Lorsqu’une unité aérienne française est dotée d’une appellation différente du réglementaire « Escadron de Chasse », c’est souvent que l’histoire de l’unité est suffisamment extraordinaire pour le mériter. Il en est ainsi du Groupe de Chasse des Cigognes dont l’histoire est contée ici. C’est également le cas du Régiment de Chasse Normandie Niemen.
Création :
Lors de la seconde guerre mondiale, après la défaite française et l’instauration de l’Etat français à Vichy, le Général De Gaule a choisi de former un gouvernement et de continuer à luter aux côtés des alliés depuis Londres. Lorsque Hitler attaque l’Union Soviétique, rompant de fait le pacte de non agression germano-soviétique, les alliés pensent comme Hitler que les russes vont s’effondrer rapidement.
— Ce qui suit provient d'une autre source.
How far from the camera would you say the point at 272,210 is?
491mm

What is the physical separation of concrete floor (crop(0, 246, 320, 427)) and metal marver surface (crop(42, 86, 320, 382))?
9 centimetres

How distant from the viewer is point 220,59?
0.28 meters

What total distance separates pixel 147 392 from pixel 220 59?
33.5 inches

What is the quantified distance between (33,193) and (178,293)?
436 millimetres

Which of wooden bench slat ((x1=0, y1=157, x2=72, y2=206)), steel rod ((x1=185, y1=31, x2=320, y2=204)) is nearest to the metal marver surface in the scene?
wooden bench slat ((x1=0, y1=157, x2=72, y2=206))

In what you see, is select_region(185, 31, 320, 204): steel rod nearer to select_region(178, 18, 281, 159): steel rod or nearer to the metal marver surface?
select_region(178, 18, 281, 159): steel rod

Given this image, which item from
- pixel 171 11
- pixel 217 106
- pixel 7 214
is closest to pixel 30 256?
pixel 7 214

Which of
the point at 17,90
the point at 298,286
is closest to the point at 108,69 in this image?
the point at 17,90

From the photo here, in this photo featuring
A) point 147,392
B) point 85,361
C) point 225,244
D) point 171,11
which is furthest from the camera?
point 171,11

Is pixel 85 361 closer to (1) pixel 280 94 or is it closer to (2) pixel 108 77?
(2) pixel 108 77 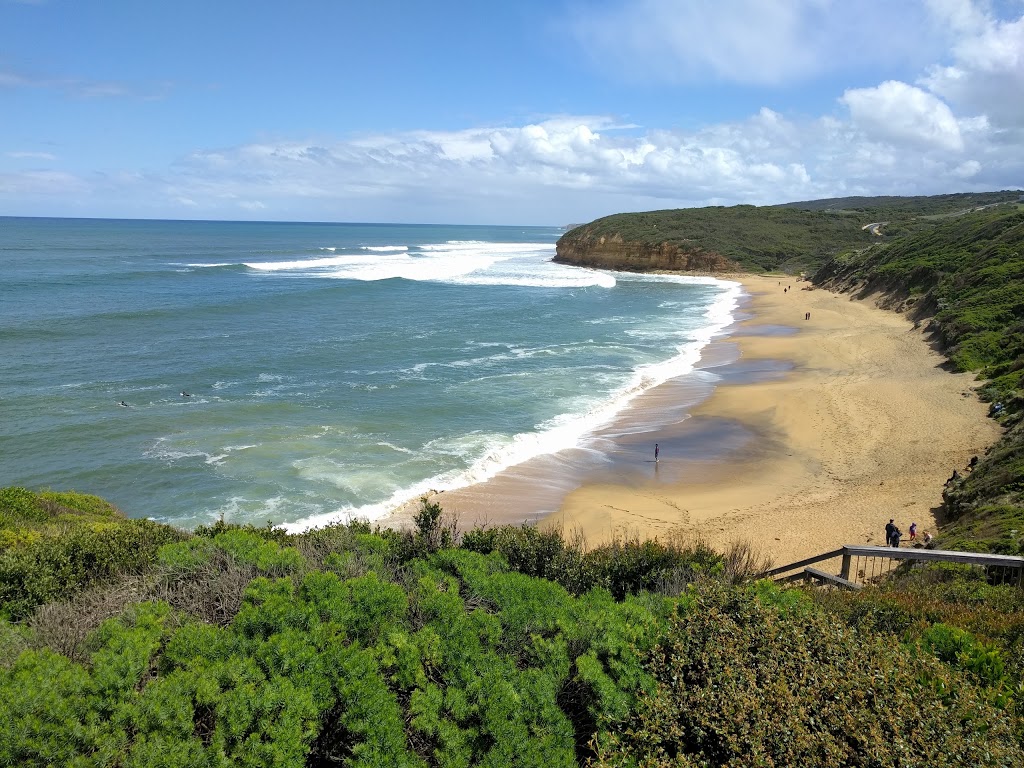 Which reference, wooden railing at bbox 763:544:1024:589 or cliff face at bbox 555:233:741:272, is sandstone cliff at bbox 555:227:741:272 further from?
wooden railing at bbox 763:544:1024:589

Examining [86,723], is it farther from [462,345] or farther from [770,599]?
[462,345]

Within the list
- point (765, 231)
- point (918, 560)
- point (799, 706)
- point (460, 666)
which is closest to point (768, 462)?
point (918, 560)

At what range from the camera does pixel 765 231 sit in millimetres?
96312

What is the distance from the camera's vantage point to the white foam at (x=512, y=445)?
16.4 metres

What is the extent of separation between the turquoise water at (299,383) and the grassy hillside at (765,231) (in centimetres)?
2759

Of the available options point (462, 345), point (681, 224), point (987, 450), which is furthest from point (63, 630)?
point (681, 224)

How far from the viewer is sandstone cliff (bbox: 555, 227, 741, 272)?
274ft

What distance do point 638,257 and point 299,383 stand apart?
2701 inches

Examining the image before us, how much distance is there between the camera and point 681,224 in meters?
98.8

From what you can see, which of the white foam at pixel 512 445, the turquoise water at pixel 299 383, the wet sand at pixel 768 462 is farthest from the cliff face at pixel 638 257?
the white foam at pixel 512 445

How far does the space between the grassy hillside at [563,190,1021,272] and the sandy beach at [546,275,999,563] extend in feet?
179

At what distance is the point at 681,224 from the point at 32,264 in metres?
81.6

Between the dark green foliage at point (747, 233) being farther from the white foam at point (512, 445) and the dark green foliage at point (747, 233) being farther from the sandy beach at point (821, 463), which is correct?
the white foam at point (512, 445)

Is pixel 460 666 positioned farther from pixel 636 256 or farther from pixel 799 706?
pixel 636 256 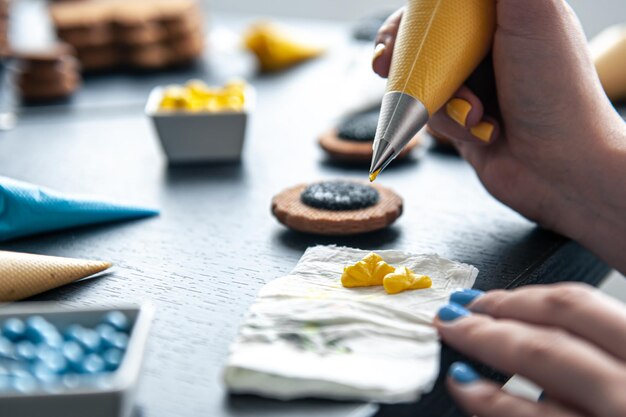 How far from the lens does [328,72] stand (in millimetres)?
1541

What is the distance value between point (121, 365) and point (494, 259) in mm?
409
Ce n’est pas l’avis de De Gaule qui souhaite participer aux combats dans l’est (ayant besoin de reconnaissance internationale, il saisit ainsi l’occasion qui lui est donnée de nouer des relations avec un pays qui vient de renvoyer tous les diplomates de Vichy). Il décide de créer une unité des Forces Aériennes Françaises Libres : Le groupe de Chasse n° 3. Le premier commandant du groupe, Joseph Pouliquen propose le nom de la région Normandie. (l’Alsace et L’ile de France constituaient les GC1 et 2). Le groupe est composé de 3 escadrilles : « Rouen », « Le Havre » et « Cherbourg ».
Insigne du « Normandie »
14 pilotes et 58 mécaniciens débarquent donc le 29 novembre sur la base d’Ivanovo au nord de Moscou via le Liban, l’Irak et l’Iran. L’entrainement débute sur l’avion choisi par les pilotes français, le Yak…alors que des avions anglais et américains étaient proposés…ce qui va droit au coeur de leurs hotes. Des mécaniciens soviétiques (une douzaine) rejoignent l’unité. Au mois de mars 1943, le « Normandie » est jugé apte à rejoindre le front. C’est la seule unité occidentale qui se bat aux côtés des russes pendant toute la durée de la guerre.
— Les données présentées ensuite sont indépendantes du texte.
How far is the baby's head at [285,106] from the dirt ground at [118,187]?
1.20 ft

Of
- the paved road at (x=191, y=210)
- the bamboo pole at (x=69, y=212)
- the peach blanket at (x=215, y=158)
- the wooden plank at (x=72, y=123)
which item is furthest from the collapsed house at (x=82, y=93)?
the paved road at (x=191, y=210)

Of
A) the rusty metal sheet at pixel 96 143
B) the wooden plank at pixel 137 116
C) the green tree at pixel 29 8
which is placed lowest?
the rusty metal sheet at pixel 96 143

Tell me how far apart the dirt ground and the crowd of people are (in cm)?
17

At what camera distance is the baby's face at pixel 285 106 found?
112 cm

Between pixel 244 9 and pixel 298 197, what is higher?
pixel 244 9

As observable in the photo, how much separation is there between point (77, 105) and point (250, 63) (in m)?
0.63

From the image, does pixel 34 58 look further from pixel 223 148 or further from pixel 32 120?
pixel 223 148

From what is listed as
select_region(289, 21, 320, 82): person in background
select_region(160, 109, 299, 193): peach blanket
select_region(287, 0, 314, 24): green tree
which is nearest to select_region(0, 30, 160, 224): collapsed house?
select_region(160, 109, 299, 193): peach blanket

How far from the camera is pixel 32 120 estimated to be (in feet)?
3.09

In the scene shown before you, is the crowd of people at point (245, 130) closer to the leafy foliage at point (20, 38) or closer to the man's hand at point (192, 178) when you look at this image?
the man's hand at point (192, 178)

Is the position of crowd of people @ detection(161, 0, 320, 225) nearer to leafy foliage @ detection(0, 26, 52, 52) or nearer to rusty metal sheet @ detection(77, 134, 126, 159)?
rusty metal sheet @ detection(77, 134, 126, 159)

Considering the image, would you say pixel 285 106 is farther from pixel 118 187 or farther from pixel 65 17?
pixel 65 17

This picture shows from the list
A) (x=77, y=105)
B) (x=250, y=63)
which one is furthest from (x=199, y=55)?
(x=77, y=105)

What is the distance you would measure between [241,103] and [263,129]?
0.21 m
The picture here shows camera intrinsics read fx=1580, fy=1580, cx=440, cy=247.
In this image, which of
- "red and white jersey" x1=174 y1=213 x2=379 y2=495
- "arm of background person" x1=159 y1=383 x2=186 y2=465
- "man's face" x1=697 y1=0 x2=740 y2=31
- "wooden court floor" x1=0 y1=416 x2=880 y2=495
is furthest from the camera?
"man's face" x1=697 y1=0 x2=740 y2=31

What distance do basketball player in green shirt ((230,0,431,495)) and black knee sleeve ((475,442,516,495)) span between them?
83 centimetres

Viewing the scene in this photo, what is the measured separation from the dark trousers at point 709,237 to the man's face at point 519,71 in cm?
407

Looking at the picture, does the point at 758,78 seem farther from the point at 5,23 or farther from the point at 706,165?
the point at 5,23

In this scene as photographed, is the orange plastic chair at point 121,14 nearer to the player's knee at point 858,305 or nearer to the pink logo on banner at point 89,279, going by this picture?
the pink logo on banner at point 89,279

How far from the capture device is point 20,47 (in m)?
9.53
Mécaniciens français au travail sur un YAK
Les campagnes
Le premier engagement du « Normandie » se fait aux côtés de la Première Armée Soviétique. Les pilotes français, adroits et audacieux remportent rapidement leurs premières victoires et deviennent des exemples pour les autres un cités aériennes engagées.
Le prestige que gagnent les pilotes français est tel que le Maréchal Allemand Keitel ordonne de fusiller sans autre forme de procès tout pilote français qui serait capturé…
L’état d’esprit des pilotes, leur courage et leur habileté impressionnent les russes. Leur gout pour les histoires romanesques ne peut que les faire apprécier : Tulasne, nouveau commandant du Groupe, déclaré mort depuis 1940 par le gouvernement de Vichy après avoir simulé un accident pour rejoindre Londres ! Véritable meneur et combattant acharné. Il effectue près de 100 missions en volant parfois 3 fois dans la journée…il est abattu et meurt au combat.
Jean Tulasne à bord de son YAK
La Pravda, organe de presse du Parti communiste publie en juin 43 les noms des pilotes français décorés pour leur bravoure et le 14 juillet le drapeau français est honoré par l’Armée russe devant les pilotes français.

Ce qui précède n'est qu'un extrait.